Designer’s Tips: “If a piano is in a room with all hard surfaces, it can sound too strong and loud. Use rugs, upholstered furniture, and window treatments to soften the sound. Also, do not put your piano in an environment that has extremes in temperature or humidity; that will affect the tone and finish of the piano over time.” As for lighting, “Consider task lighting. Although we used a chandelier over the piano, there’s a piano light that normally sits on the piano for daily use. The homeowner did not want glare from an overhead light.”

Bringing Home Baby (Grand)
At the keyboard with Jim Evola of Evola Music

Jim Evola, the third-generation family owner of Evola Music, founded by his grandfather in 1931, runs piano stores in Bloomfield Hills, Canton, Shelby Township, and Traverse City. Here, he shares some piano insights and shopping tips for finding just the right piano.

FAVORITE PIANO INSTALLATION: The Estonia grand piano at Somerset Collection in Troy. “This is the only 9-foot concert grand piano I am aware of in satin walnut. To build a piano of this size in walnut is unheard-of.” The hardware was brushed satin chrome by an automobile restorer in Waterford to match the chrome chairs in the lobby. Evola installed a system in the piano so it could play CDs.

GRAND PRIZED: It’s no surprise that Evola, of Bloomfield Township, has owned a few pianos in his time.

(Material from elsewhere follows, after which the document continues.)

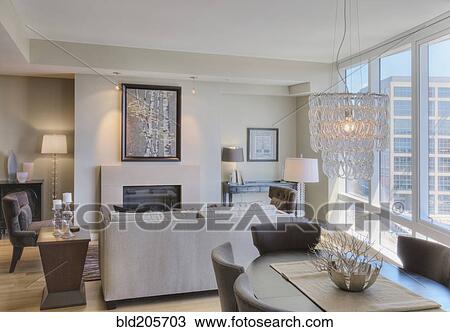 Stock Image - Luxury living room in highrise apartment. Fotosearch
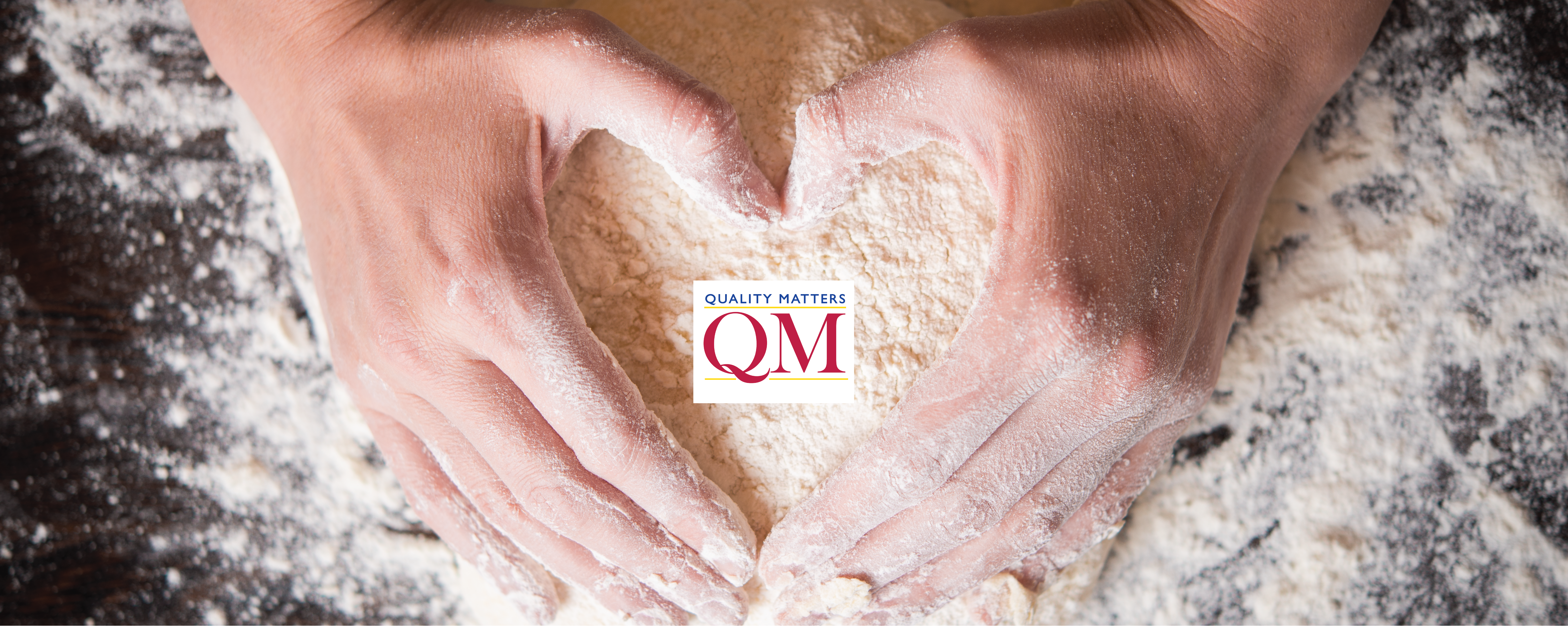 Two hands kneeding dough for bread. The hands are making the shape of a heart and the middle of the dough features a QM logo.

He’s currently in the process of upgrading to a Shigeru Kawai grand.

GRANDDADDY OF THEM ALL:  Although a new grand is certainly special, the most special of them all, according to Evola, is the Bosendorfer, which is handmade in Vienna, Austria.

GRAND SHOPPING LOWDOWN: The highest percentage of grand piano buyers are families who are learning to play, Evola says. “Many people begin their musical journey practicing on a keyboard and quickly learn they need to graduate to a traditional piano if they want to succeed.” As for key considerations, Evola says a good piano can last through a few generations. “I recommend potential piano owners view their purchase as an ‘educational heirloom.’ ”  Also, he says to select an instrument that sounds  and looks good to you. And, of course, be sure the brand — and retailer —  has a long-term reputation for quality and serviceability.